(Beginning of Available data)
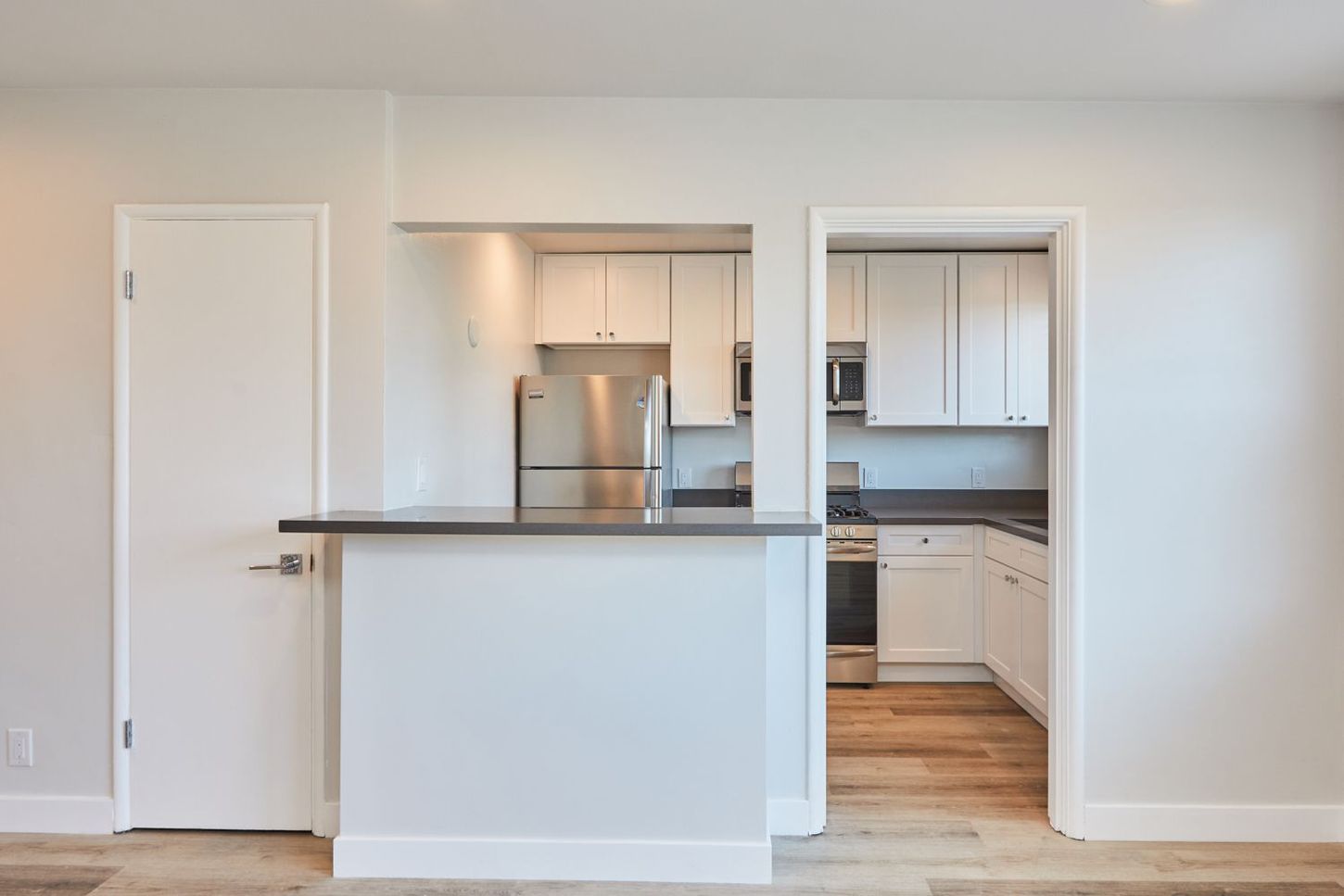 Bright open kitchen with white cabinets, stainless appliances, and a pass-through counter in a modern apartment.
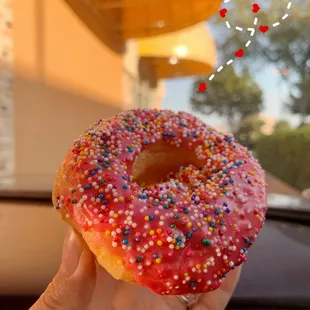 Strawberry icing donut with sprinkles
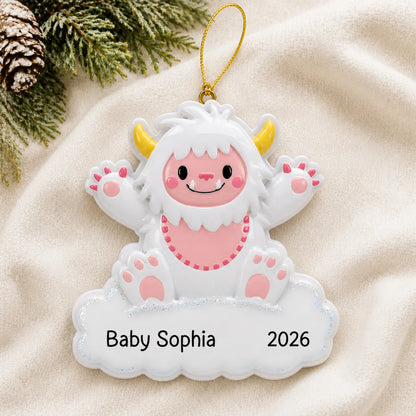 Personalized pink baby girl yeti christmas ornament laid on a soft white knit blanket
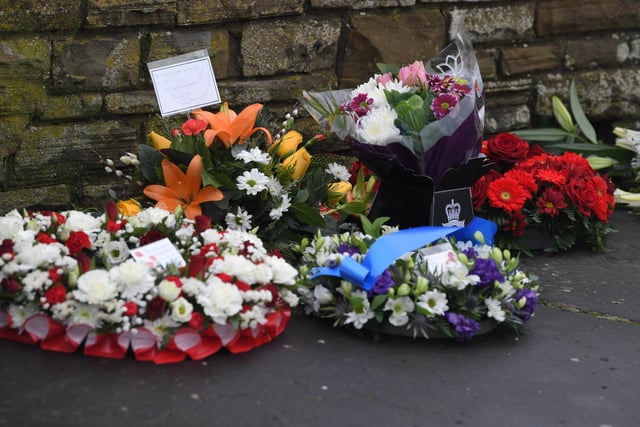 Some of the floral tributes in memory of the officers who perished.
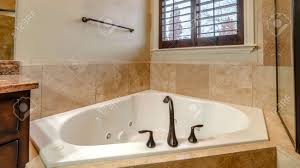Or project coming up youve got a small bathroom. Panorama Small Triangular Fitted Corner Bathtub With Beige Tiled Stock Photo Picture And Royalty Free Image Image 137684475
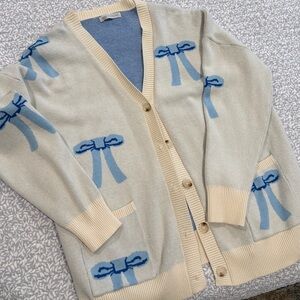 Beige Cardigan with Blue Bow Accents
(End of Available data)
Copy all of the entries verbatim, leaving out any pictures they contain.

 Bright open kitchen with white cabinets, stainless appliances, and a pass-through counter in a modern apartment.
 Strawberry icing donut with sprinkles
 Personalized pink baby girl yeti christmas ornament laid on a soft white knit blanket
 Some of the floral tributes in memory of the officers who perished.
Or project coming up youve got a small bathroom. Panorama Small Triangular Fitted Corner Bathtub With Beige Tiled Stock Photo Picture And Royalty Free Image Image 137684475
 Beige Cardigan with Blue Bow Accents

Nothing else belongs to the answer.